There cannot be more automorphisms of $(\Bbb R,+)$ than there are permutatiosn of $\Bbb R$. On the other hand, $\Bbb R$ is a $|\Bbb R|$-dimensional $\Bbb Q$-vector space. If we split a basis into two disjoint subset $B_1,B_2$ of same cardinality, then any bijection $B_1\to B_2$ gives rise to an (involutory) automorphism of $(\Bbb R,+)$, and the number of such bijections is the same as the number of permutations of $\Bbb R$. So the answer for $(\Bbb R,+)$ is $$|\Bbb R|^{|\Bbb R|}$$

Answer 2

This is not a complete answer (but too long to be a comment). I don't know about the cardinality of $Aut(\mathbb{R})$.
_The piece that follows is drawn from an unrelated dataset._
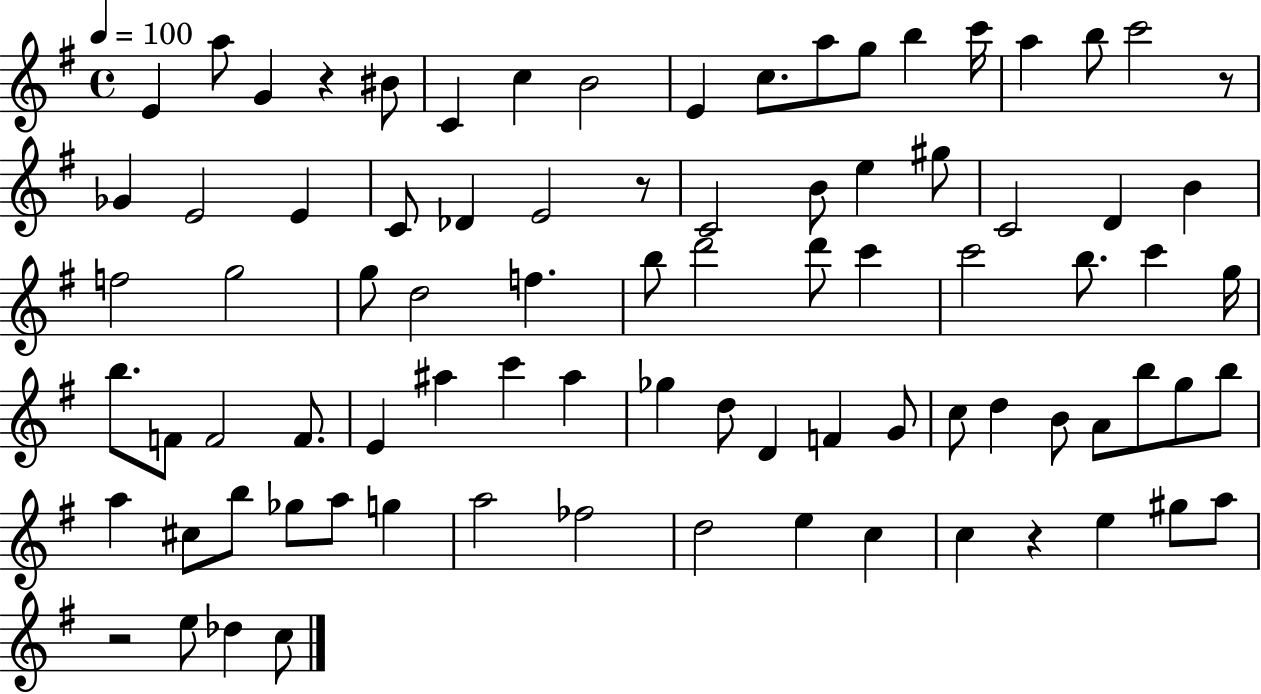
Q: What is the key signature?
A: G major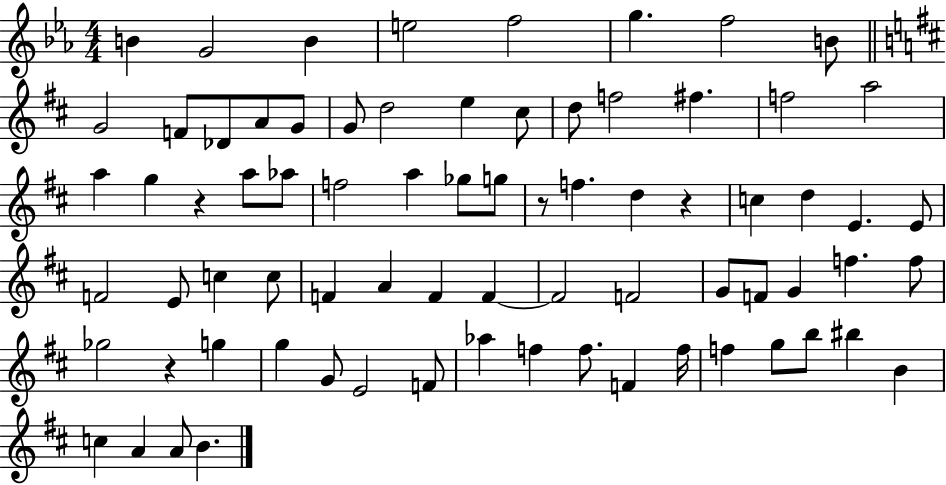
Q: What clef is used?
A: treble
Note that if $\varphi$ is an automorphism of $(\mathbb{Q}, +)$, then we have $$ \varphi(1) = \varphi (\sum_{i=1}^n \frac{1}{n}) = \sum_{i=1}^n \varphi(\frac{1}{n})= n \varphi(\frac{1}{n}) $$ Thus, we have $$ \varphi(\frac{1}{n}) =\frac{\varphi(1)}{n}$$ Using a similar trick as before we get $$ \varphi(\frac{m}{n}) = \frac{m}{n} \varphi(1).$$ This means that all automorphisms of $(\mathbb{Q}, +)$ are of the form $$ x \mapsto q x $$ for some $q\in \mathbb{Q}$.